On 20/11/14 12:34, Vincent Yang wrote:

Add driver for the ARM Message-Handling-Unit (MHU).

Signed-off-by: Andy Green <andy.green@xxxxxxxxxx>
Signed-off-by: Jassi Brar <jaswinder.singh@xxxxxxxxxx>
Signed-off-by: Vincent Yang <Vincent.Yang@xxxxxxxxxxxxxx>
Signed-off-by: Tetsuya Nuriya <nuriya.tetsuya@xxxxxxxxxxxxxx>
---
   .../devicetree/bindings/mailbox/arm-mhu.txt        |  33 ++++
   drivers/mailbox/Kconfig                            |   7 +
   drivers/mailbox/Makefile                           |   2 +
   drivers/mailbox/arm_mhu.c                          | 196
+++++++++++++++++++++
   4 files changed, 238 insertions(+)
   create mode 100644 Documentation/devicetree/bindings/mailbox/arm-mhu.txt
   create mode 100644 drivers/mailbox/arm_mhu.c

diff --git a/Documentation/devicetree/bindings/mailbox/arm-mhu.txt
b/Documentation/devicetree/bindings/mailbox/arm-mhu.txt
new file mode 100644
index 0000000..b1b9888
--- /dev/null
+++ b/Documentation/devicetree/bindings/mailbox/arm-mhu.txt
@@ -0,0 +1,33 @@
+ARM MHU Mailbox Driver
+======================
+
+The ARM's Message-Handling-Unit (MHU) is a mailbox controller that has
+3 independent channels/links to communicate with remote processor(s).


I had reviewed this before and I see not all the comments are addressed.
I had mentioned that you can't add support to _SECURE_ channel in Linux
as you need to assume Linux runs in non-secure privilege(and I gather
that's the case even on this platform from other email in the thread)

Please revisit the old thread.
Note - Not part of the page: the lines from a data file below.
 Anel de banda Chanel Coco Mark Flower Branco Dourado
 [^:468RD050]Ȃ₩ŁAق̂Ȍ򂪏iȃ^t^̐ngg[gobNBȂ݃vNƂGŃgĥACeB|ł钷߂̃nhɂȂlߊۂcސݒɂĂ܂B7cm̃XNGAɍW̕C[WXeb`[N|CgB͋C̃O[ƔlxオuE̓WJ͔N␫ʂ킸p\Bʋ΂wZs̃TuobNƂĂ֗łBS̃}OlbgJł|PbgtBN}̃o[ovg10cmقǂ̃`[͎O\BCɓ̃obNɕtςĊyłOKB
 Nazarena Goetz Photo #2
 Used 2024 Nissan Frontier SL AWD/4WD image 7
After some discussion you had
graciously allowed me to keep the secure channel ;)
[
... Even though I don't like you have secure channel access in Linux, you
have valid reasons. In case you decide to support it ....
]

Agreed but based on the other email in the same thread it looks like you
want to run the same kernel both in secure and no-secure mode on this
platform, in which case you _have_to_assume_ it's *non-secure only* always unless you come up with some DT magic.
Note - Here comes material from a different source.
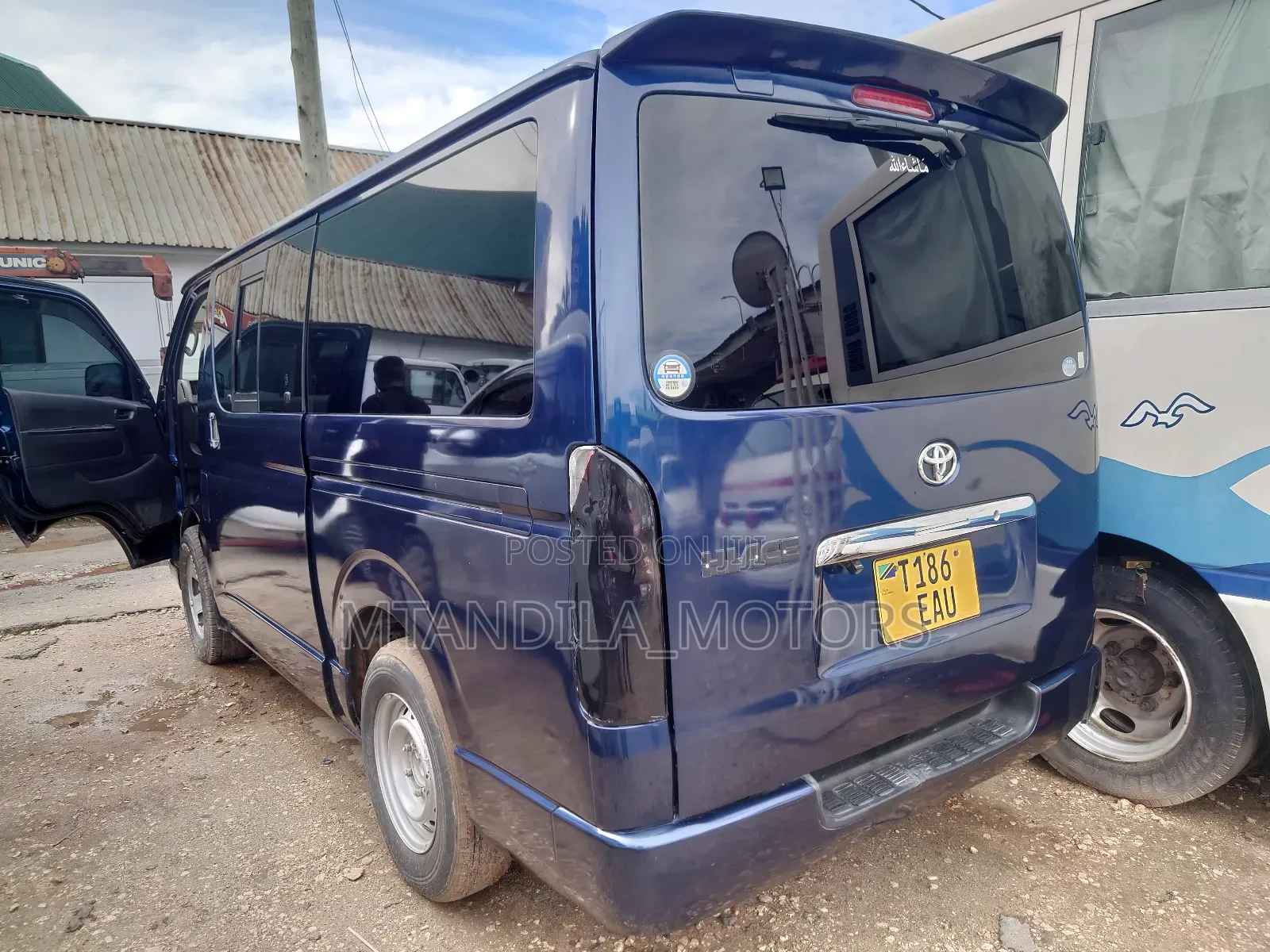 Toyota Quantum 2012 Blue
  It seems you still don't get my point that the driver should manage
all channels - S & NS. If Linux is running in NS mode on a platform,
the DT will specify only some NS channel to be used. The controller
driver shouldn't be crippled just because you think Linux will never
be run in Secure mode.


Ok how do you handle that, I don't see that in the DT binding. As it
stands, you can unconditionally try to access the secure channel and
cause aborts if the platform is running in non-secure mode.